No, the words above are not from one of the officers who rode toward the Little Bighorn with Lt. Col. George Armstrong Custer in June 1876 but managed to survive what will forever be the most famous battle of the Indian wars. Historians sometimes lavish attention on one monumental battle, while virtually ignoring others of genuine significance. Such is the case with the Battle of the Little Bighorn, fought on June 25 and 26, 1876, and the Battle of the Rosebud, fought eight days earlier and just 30 miles away. The scene above, written by Brig. Gen. George Crook’s aide-de-camp Captain Azor H. Nickerson, describes the opening moments of the unsung June 17 clash.
The Battle of the Rosebud pitted the vaunted warrior Crazy Horse and his allied Lakota Sioux and Northern Cheyenne bands against the greatest Indian fighter the U.S. Army had at the time—that is, Crook not Custer. Celebrated chiefs of the friendly tribes, swaggering scouts, brave men and women of the hostile bands, packers, miners, newspaper reporters in the thick of the action and one special correspondent known as "Z" who was also an officer—all were elements of this legendary Montana Territory fight that was soon and forevermore overshadowed by what followed in the same territory.
General Crook and his impressive column of just under 1,000 soldiers (from the 2nd and 3rd cavalries and 4th and 9th infantries) left Fort Fetterman in east-central Wyoming Territory on May 29, 1876. The campaign could be considered Round 2 in Crook’s attempt to corral the hostile warriors of the northern Plains. An earlier foray in March of the same year had not gone well. Crook had relied on Colonel Joseph J. Reynolds to locate and attack a village on the Powder River in Montana Territory. Locate it he did, but the action did not unfold as planned, and the chance for a critical victory evaporated due to mistakes (including not guarding the ponies taken from the Indians, thus allowing the warriors to steal them back). Heads rolled because of that failure, and Reynolds’ superiors laid the blame squarely at his feet, court-martialing him and forcing him to resign. Crook was determined not to let such a thing happen again.

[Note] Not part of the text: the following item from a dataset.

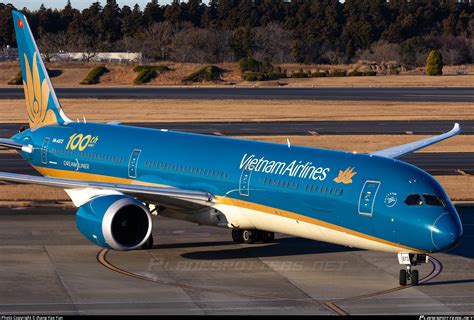 Vn A Vietnam Airlines Boeing Dreamliner Photo By Jhang Yao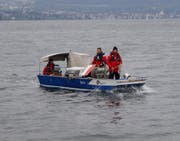 Mit einer Unterwasserkamera wurde nach dem vermissten Ruderer gesucht. Jetzt wurde die Suche eingestellt. (Bild: Zuger Polizei)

Crook personally led his force to the vicinity of present-day Sheridan, Wyo., reaching it on June 11 and establishing Camp Cloud Peak. Several days earlier the general had dispatched scouts Frank Grouard, Louis Richaud and Baptiste “Big Bat” Pourier to locate and bring into camp friendly warriors under Old Crow and other Crow chiefs, as well as Shoshone (aka Snake) warriors under Chief Washakie. Both Lakota-loathing bands had indicated they would cooperate in this campaign, and Crook considered their aid indispensable because of their knowledge of Sioux territory.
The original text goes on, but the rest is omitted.